WS: Which other shows would you like to highlight?
SAPAN: WE tv will have its first scripted drama coming this June called The Divide, from Richard LaGravenese, who wrote The Fisher King and Behind the Candelabra. The series is based on a central character, a woman involved in the Innocence Initiative, which is based on something in the real world called The Innocence Project. It centers on one woman’s story of missionary-type work and she is a very interesting character—it’s one of the most, if not the most, interesting women’s drama on American cable television. Spoils of Babylon, from Will Ferrell, set ratings records for IFC. It’s a broad parody of a sweeping miniseries, and it’s quite funny and ironic and stars Kristen Wiig, Tobey Maguire and Tim Robbins. On SundanceTV we have The Red Road about an indigenous population of Native Americans that has been intact for a very long time and is somewhat isolated. The story is about the conflict between them and an encroaching suburban, affluent world. It’s about a crime and these two conflicting worlds embodied in two men who grew up there and represent the two sides. Then Rectify comes back for season two this summer, and later this year we have a terrific miniseries with Maggie Gyllenhaal called The Honourable Woman. And then we will have a second season of The Returned (Les Revenants), a French series with subtitles, airing on a commercial television channel, SundanceTV. I don’t know that there has ever been a non-public television outlet in the U.S. that has successfully aired, with good ratings, a series in a foreign language for multiple seasons. I say that not to pat ourselves on the back, but to indicate that there might be an interesting emerging trend occurring with so many shows being adapted. For example, our AMC series The Killing was an adaptation of the Danish series Forbrydelsen. There’s also Borgen, and Homeland, which is an adaptation of an Israeli show. It seems like maybe the time has come for American television to do something that European television has done, which is be very happy to show a TV series in a foreign language with subtitles. We have a film company, IFC Films/Sundance Selects, and have been a big exhibitor of foreign films for years, so it’s heartening to see people happy to watch something in a foreign language on television.

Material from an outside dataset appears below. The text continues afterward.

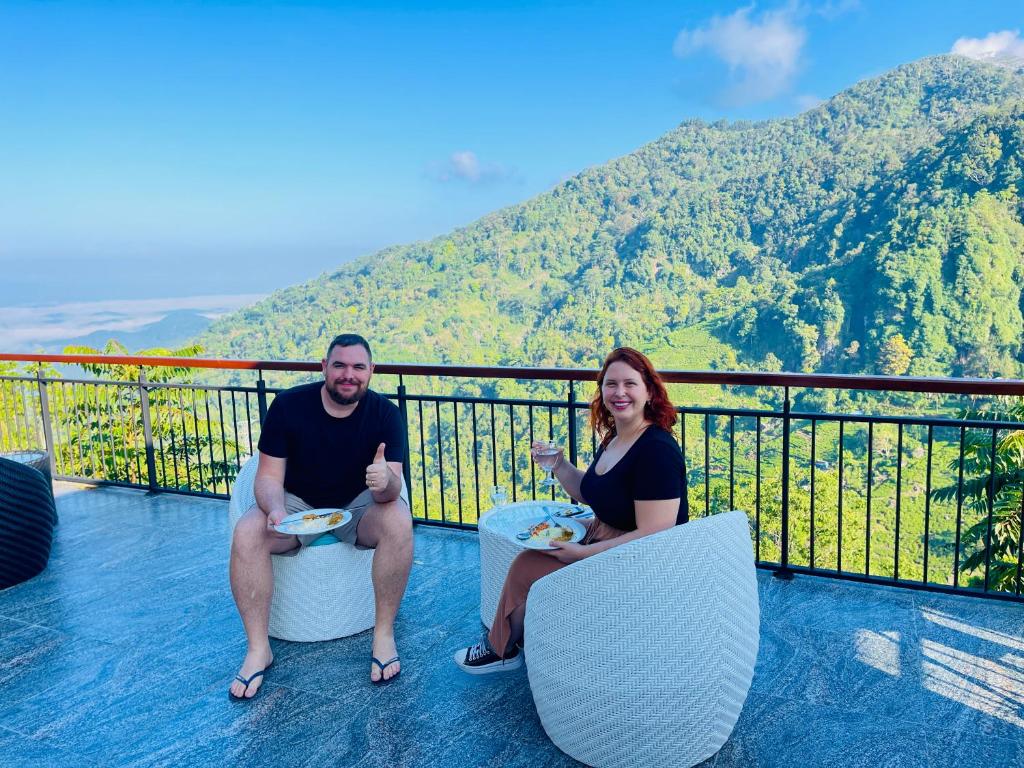 a man and woman sitting on a balcony with plates of food at Kavi s Hideaway in Dedugala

WS: And what do you have coming up on AMC?
SAPAN: The Walking Dead returned in February and the first episode drew nearly 16 million viewers. We have a Revolutionary War drama called Turn, which premiered April 6 and offers an interesting twist because it deals with spies working in George Washington’s army. It’s an interesting portrayal of revolution, because revolution often seems binary—good guys against bad guys. This is more about neighbors and the decision they must make to be for or against a separate America. I personally find that interesting because I often think, not that I am any big academic, that history makes things seem black and white, particularly when there is revolution or change of government, and I always think that’s probably not the case. It’s probably that you are in some swirl of ambiguity about whether you are for or against [the cause, and are also considering] your personal interests and the protection of your family, but you’re up against principles and it’s probably pretty damn murky for many people.

We’re of course also looking forward to April 13, when Mad Men returns for the first half of its final season.

This summer we’ll have a show called Halt and Catch Fire that’s set against the backdrop of what was called the Silicon Prairie—Texas in the ’80s—when the personal computer industry was being developed. And we have Better Call Saul, the prequel to Breaking Bad, coming late in 2014 about what Saul was up to before he met Walter White.